O incêndio florestal mais caro do ano ocorreu em janeiro de 2025, na região de Los Angeles, afetando aproximadamente 23 mil hectares e resultando em 30 mortes. Os prejuízos atribuídos a esse evento foram estimados em US$ 53 bilhões, dos quais US$ 40 bilhões estavam assegurados. Em comparação, um terremoto de magnitude 7,7 que atingiu Mianmar em março resultou em 4,5 mil mortes e prejuízos da ordem de US$ 12 bilhões, ressaltando o impacto desproporcional dos incêndios.
A análise do Undrr também destaca que uma parte significativa dos impactos relacionados a desastres naturais ainda não foi corretamente mensurada. Em termos globais, mais da metade da área queimada em 2025 localizou-se em território africano, com cerca de 246 milhões de hectares comprometidos. Essas áreas, muitas das quais não têm cobertura de seguro, são habitadas por milhões que dependem de suas terras para subsistência, enfrentando perdas econômicas e culturais profundas. A Austrália, por sua vez, registrou uma das maiores proporções de território afetada por incêndios, colocando em evidência a gravidade da situação.
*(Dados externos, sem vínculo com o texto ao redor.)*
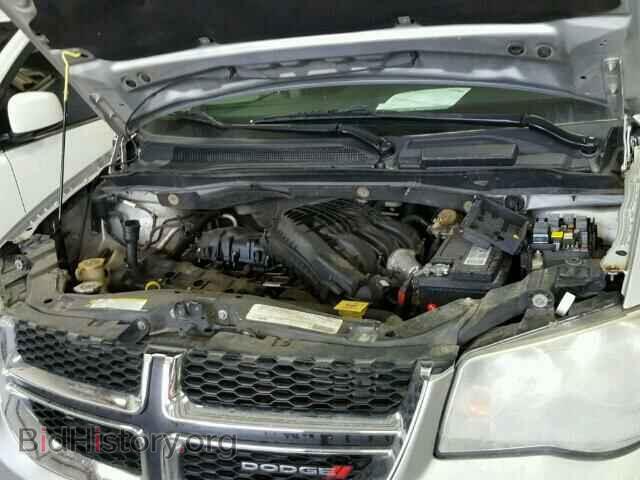 2012 DODGE CARAVAN - VIN: 2C4RDGCG2CR264327 - Фото 7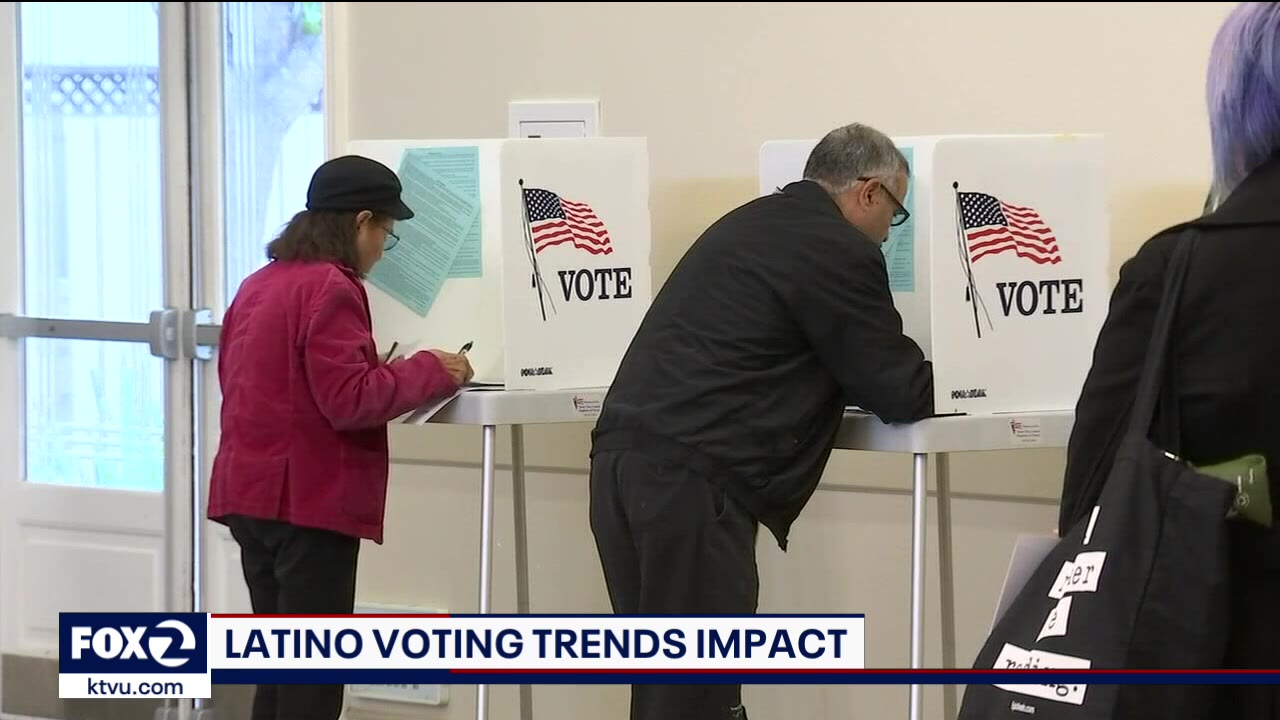 Breaking Down the Latino Vote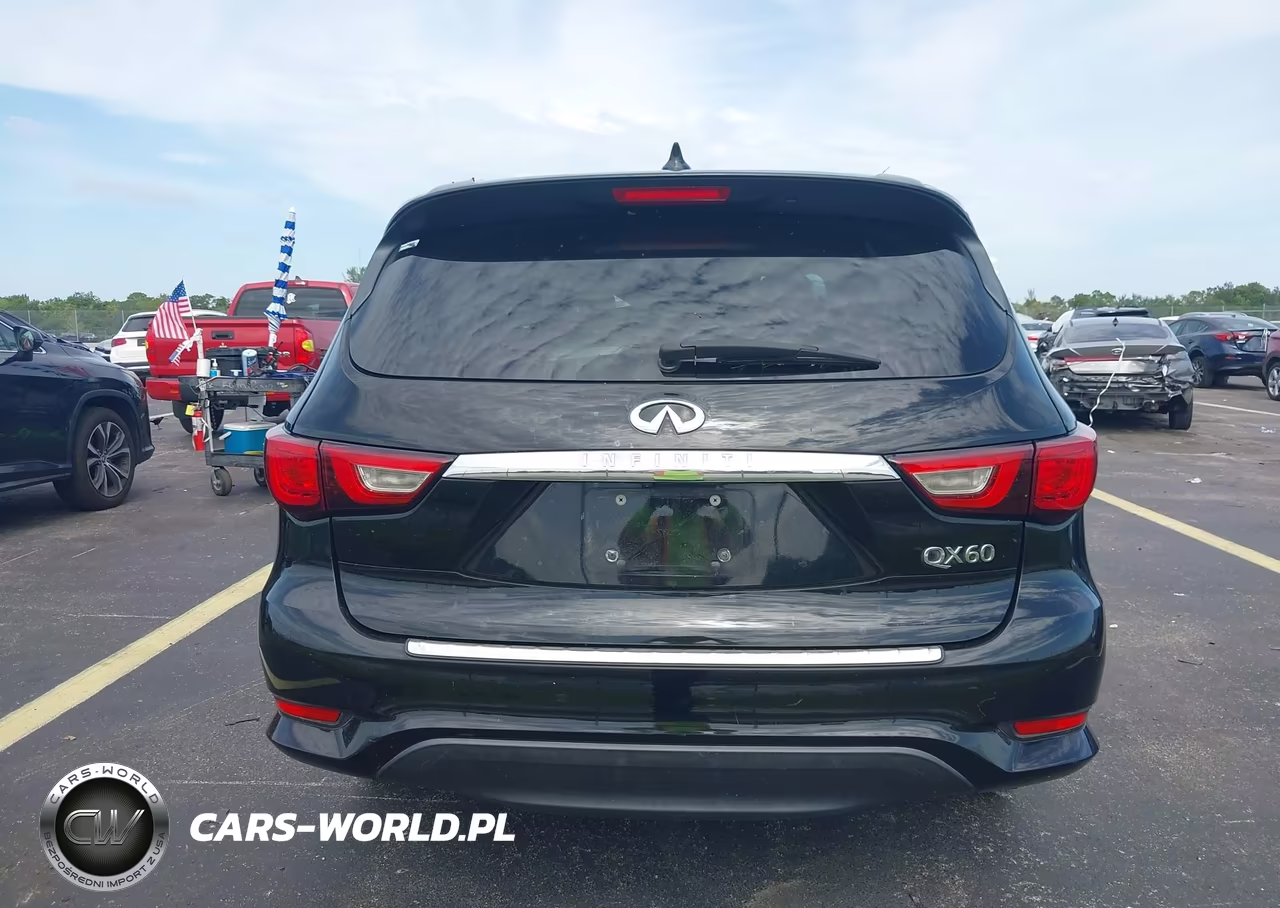 2018 Infiniti Qx60 VIN:5N1DL0MN2JC512935 - 16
Desde 1970, os prejuízos decorrentes de incêndios florestais têm aumentado, custando à economia global cerca de US$ 170 milhões a mais por ano. Esse aumento é atribuído principalmente à expansão de áreas urbanas em regiões de risco, com um aumento de 40% no número de pessoas vivendo nessas áreas nas últimas duas décadas. Apesar do crescimento exponencial da população em zonas vulneráveis, o risco associado a incêndios florestais permanece subdimensionado em muitos países, dificultando a elaboração de estratégias adequadas de mitigação.
Além dos danos econômicos, o Undrr alerta que os dados sobre perdas seguradas não contemplam efeitos de longo prazo, como a degradação de ecossistemas e a interrupção de serviços essenciais. As queimadas estão relacionadas a um aumento de doenças respiratórias e cardiovasculares, além de impactos indiretos na mortalidade. A perda de cobertura florestal, resultante de incêndios, compromete os ecossistemas e recursos hídricos, elevando o risco de cheias e deslizamentos de terras.
Por fim, o Undrr enfatiza a importância de uma coleta de dados mais abrangente, que inclua impactos diretos e indiretos, para embasar políticas públicas e estratégias de redução de risco. Compreender e quantificar os custos invisíveis dos incêndios florestais é vital para lidar eficazmente com os desafios impostos por esses fenômenos e para desenvolver respostas mais adaptativas a riscos futuros.